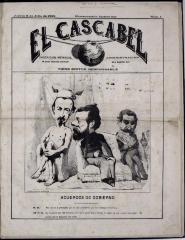 El Cascabel Nº1
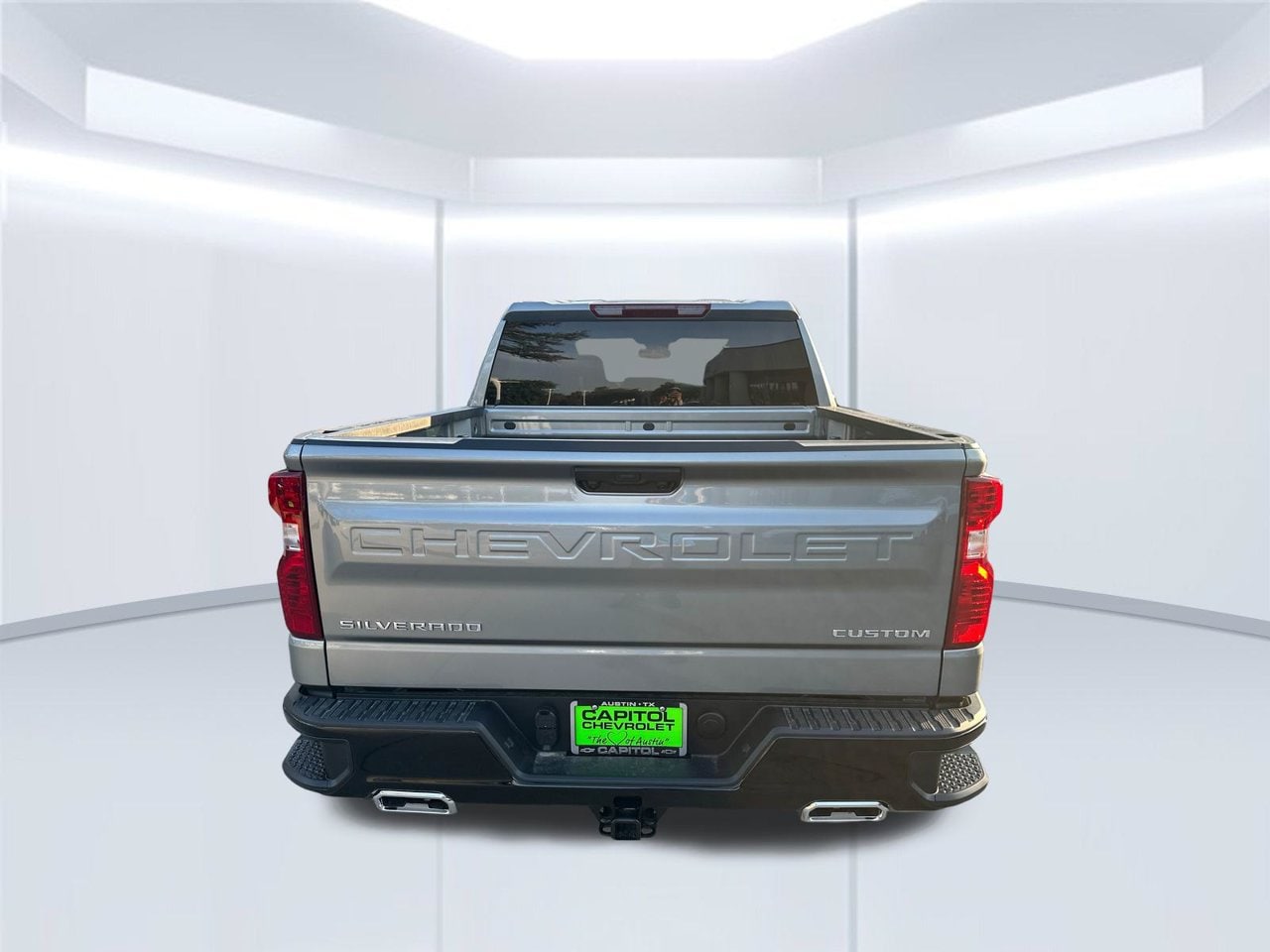 2026 Chevrolet Silverado 1500 Custom Trail Boss - Photo 23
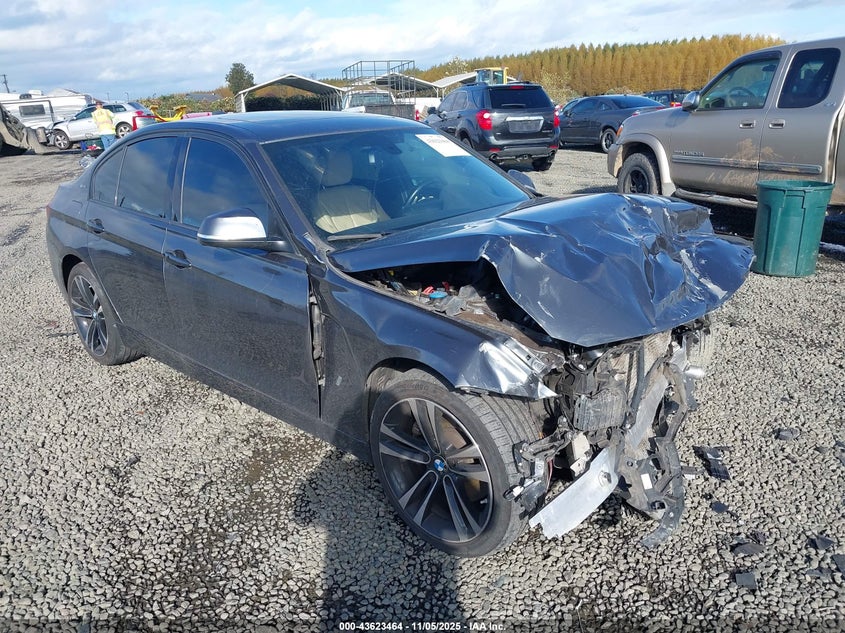 BMW 3 SERIES IPERFORMANCE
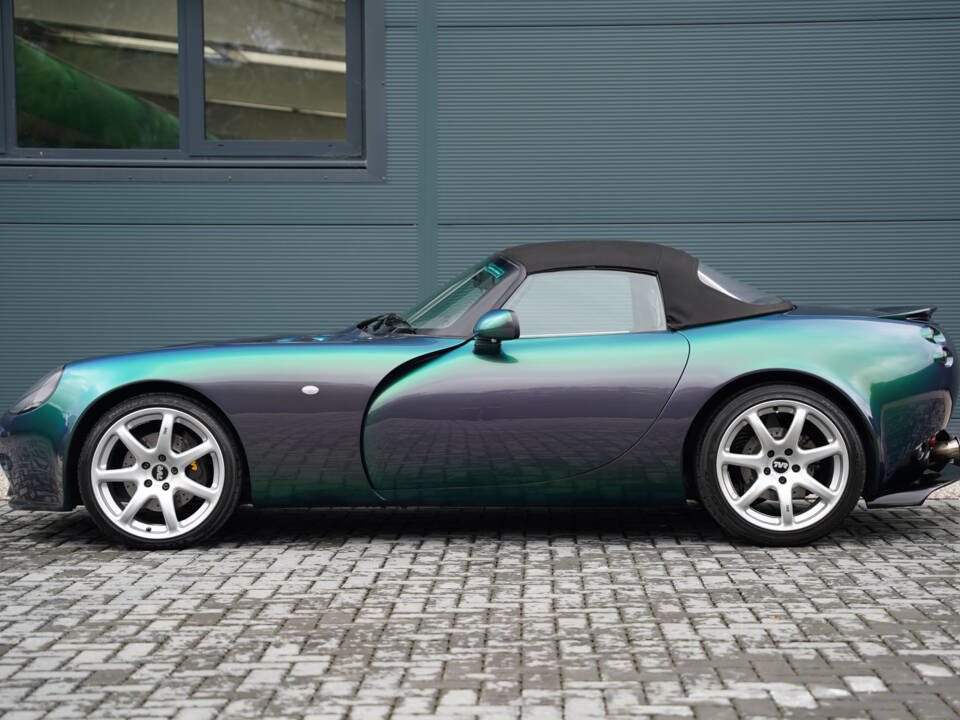 Image 10/50 de TVR Tamora 3.6 (2002)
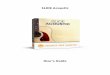 SLIDE Acoustic - Orange Tree Samples Acoustic User's Guide Page 6 of 24 SLIDE Acoustic also includes a slew of effects, including tremolo, chorus, reverb, delay, amp modeling, and
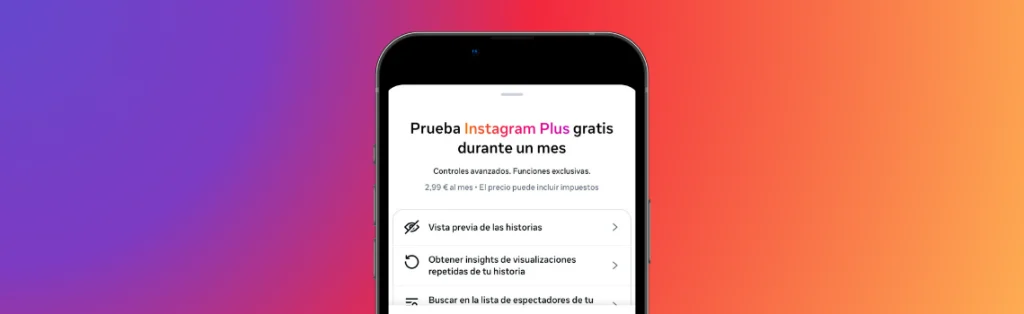 Instagram Plus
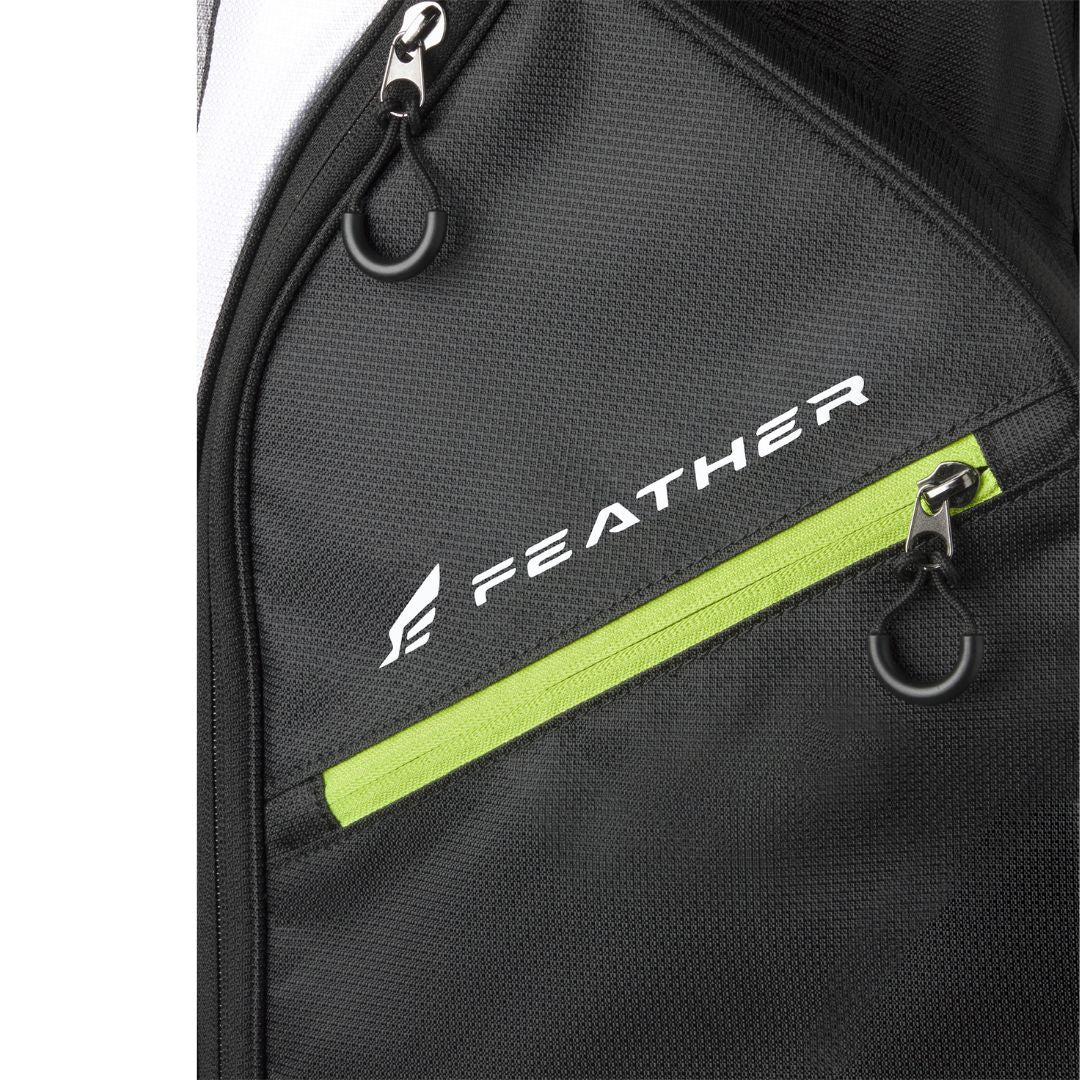 Wilson Feather Golf Stand Bag - Image 15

----------

How to complete this task:
Every line above is to be reproduced verbatim, and the pictures are to be omitted.

Problem solution:
 El Cascabel Nº1
 2026 Chevrolet Silverado 1500 Custom Trail Boss - Photo 23
 BMW 3 SERIES IPERFORMANCE
 Image 10/50 de TVR Tamora 3.6 (2002)
 SLIDE Acoustic - Orange Tree Samples Acoustic User's Guide Page 6 of 24 SLIDE Acoustic also includes a slew of effects, including tremolo, chorus, reverb, delay, amp modeling, and
 Instagram Plus
 Wilson Feather Golf Stand Bag - Image 15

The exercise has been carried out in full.